▼

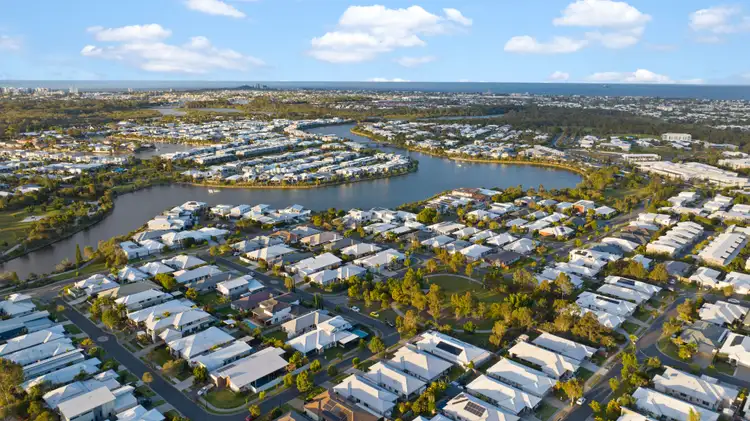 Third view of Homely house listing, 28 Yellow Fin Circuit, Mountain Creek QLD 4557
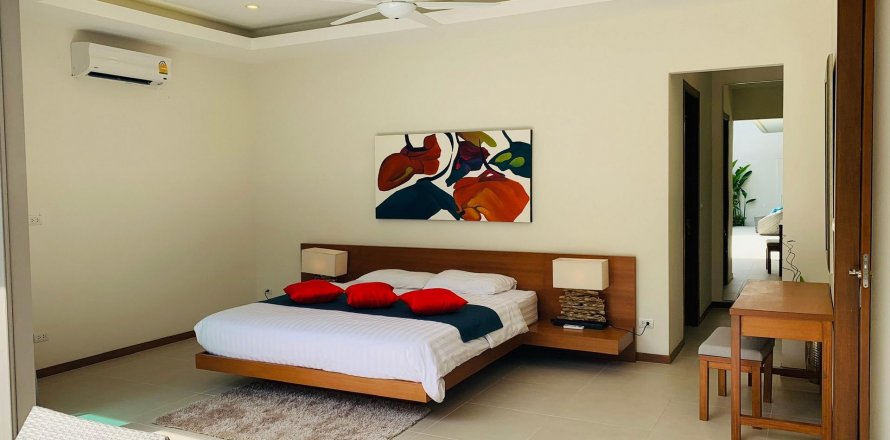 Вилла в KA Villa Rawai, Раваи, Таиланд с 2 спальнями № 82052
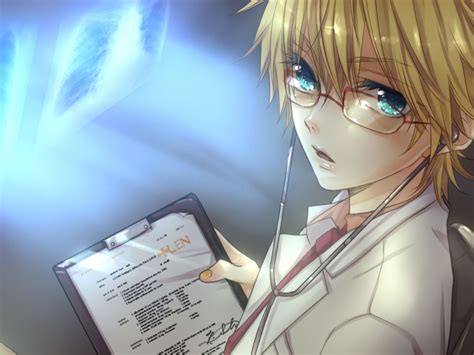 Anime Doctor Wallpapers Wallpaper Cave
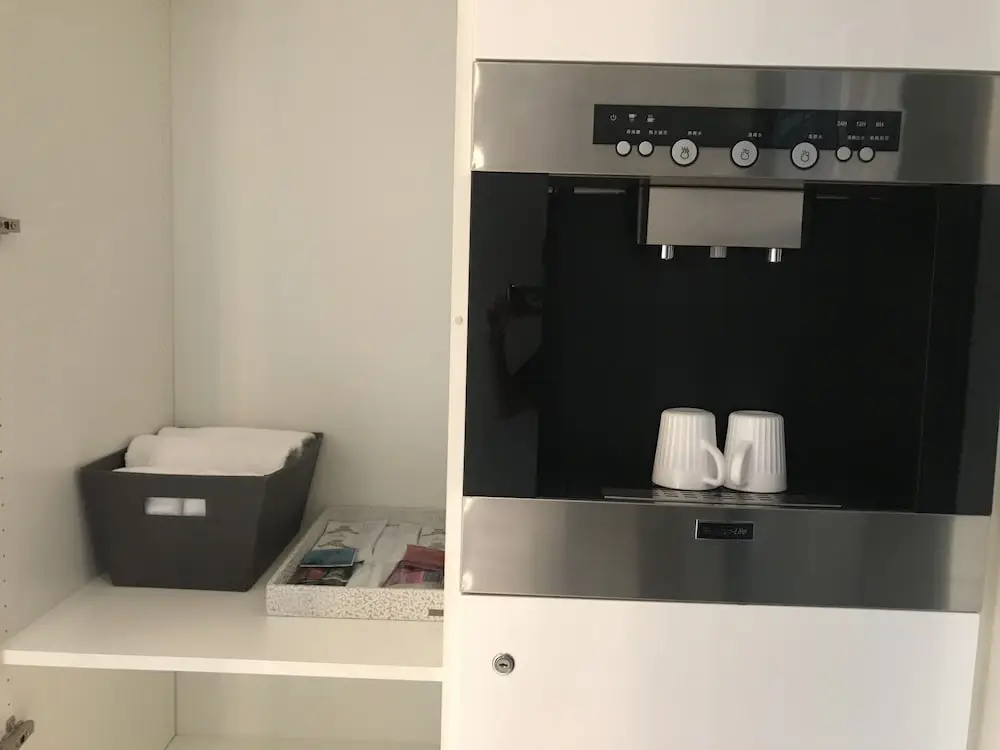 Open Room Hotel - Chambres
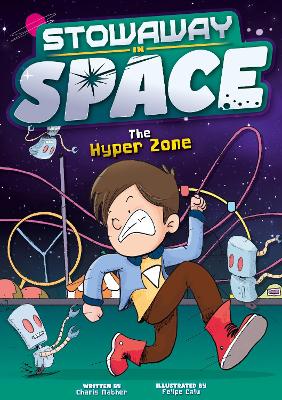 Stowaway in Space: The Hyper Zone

▲

[WORK TO BE COMPLETED]: Please write out the lines above exactly, from the one that contains "Вилла в KA Villa" through the final line, and include none of the pictures.

[YOUR SOLUTION]:
 Вилла в KA Villa Rawai, Раваи, Таиланд с 2 спальнями № 82052
 Anime Doctor Wallpapers Wallpaper Cave
 Open Room Hotel - Chambres
 Stowaway in Space: The Hyper Zone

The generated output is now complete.